Friday, November 26, 2010

moderation itself can be a kind of extreme


being alone, it can be quite romantic
like Jacques Cousteau underneath the Atlantic
a fantastic voyage to parts unknown
going to depths where the sun's never shone
and I fascinate myself when I'm alone

This year I have to spend many, many more hours alone, or in the company of strangers, than I will ever have to again. I must spend hours away from sincere conversation and plunged into the fast-paced busyness that keeps us all forgetting what it is like to sit and think. It will be several months before I will be able to break free from this measured and constant existence, so I have decided that I must make something from it.

I haven't had this many hours in the pleasure of my own company at any point in my life. I have always been surrounded by family, then friends, then partners - mixed into the cacophony of other people's thoughts. Due to this, among other reasons, I never developed a deep sense of my own thoughts. I instead became an excellent listener, thinker, re-arranger of other people's problems so that they may be able to see them anew. I became so good at this, and felt so satisfied in being helpful to others, that I rarely spent time in the depths of my own mind.

This year is different.

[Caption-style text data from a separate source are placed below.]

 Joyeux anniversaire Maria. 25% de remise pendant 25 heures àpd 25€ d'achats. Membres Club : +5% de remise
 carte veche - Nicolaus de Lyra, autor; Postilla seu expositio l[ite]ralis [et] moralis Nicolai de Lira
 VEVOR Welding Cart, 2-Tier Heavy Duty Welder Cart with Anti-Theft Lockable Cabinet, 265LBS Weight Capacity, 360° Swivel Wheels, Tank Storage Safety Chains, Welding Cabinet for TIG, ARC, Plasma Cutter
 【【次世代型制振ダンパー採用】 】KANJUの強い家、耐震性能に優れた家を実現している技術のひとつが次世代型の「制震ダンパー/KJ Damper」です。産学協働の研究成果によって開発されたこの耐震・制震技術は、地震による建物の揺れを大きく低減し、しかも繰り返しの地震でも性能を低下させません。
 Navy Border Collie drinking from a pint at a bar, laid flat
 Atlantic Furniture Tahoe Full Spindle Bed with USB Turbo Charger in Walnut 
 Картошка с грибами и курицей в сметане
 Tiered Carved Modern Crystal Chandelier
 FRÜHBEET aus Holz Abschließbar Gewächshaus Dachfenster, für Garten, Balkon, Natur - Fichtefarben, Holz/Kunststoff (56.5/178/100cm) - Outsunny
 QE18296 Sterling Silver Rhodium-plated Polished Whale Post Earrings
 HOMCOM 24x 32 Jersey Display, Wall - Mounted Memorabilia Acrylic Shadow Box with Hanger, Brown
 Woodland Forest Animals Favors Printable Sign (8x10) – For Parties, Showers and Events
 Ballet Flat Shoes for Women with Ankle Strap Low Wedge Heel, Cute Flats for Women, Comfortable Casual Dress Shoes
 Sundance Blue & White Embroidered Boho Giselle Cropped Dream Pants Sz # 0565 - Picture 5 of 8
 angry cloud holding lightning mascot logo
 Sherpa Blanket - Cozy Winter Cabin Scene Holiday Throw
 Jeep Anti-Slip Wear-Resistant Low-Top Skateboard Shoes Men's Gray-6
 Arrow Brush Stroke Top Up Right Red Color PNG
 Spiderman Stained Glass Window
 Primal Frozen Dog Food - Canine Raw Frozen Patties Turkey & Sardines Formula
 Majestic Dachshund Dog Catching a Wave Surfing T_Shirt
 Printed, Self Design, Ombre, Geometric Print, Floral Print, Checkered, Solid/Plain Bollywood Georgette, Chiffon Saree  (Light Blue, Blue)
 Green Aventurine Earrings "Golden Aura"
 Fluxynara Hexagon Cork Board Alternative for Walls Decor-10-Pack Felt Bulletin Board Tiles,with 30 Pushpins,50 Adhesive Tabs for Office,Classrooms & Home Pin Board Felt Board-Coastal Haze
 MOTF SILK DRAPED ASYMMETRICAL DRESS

Although I could have probably gone my whole life in this previous state if given the right situations, the circumstances of this year make this impossible. So, I am going to make like Andrew Bird and learn to fascinate myself. I must first remind myself that this is a useful endeavor, and not get caught in the pull of meaningless socializing. I want my relationships always to be sincere, and must truly fight against getting caught in the tides of insubstantial gatherings.

There is so little sanctity for time spent alone in the comfort of one's own thoughts. It is like people are afraid of what they'll find. Any time alone is spent flooding the senses with input from phones or tvs or computers. No great philosophy has ever been written in the state. Only when I respect this act of being alone can I then learn to use it for growth. I can let myself indulge in the sensory history that is revealed in novels, I can learn to stand over a flame in the kitchen and use it to magically transform food, I can just gaze at the blazing afternoon late fall sunlight that pierces through the water glass on my counter, setting it aglow in warmth and life. Quite romantic, indeed.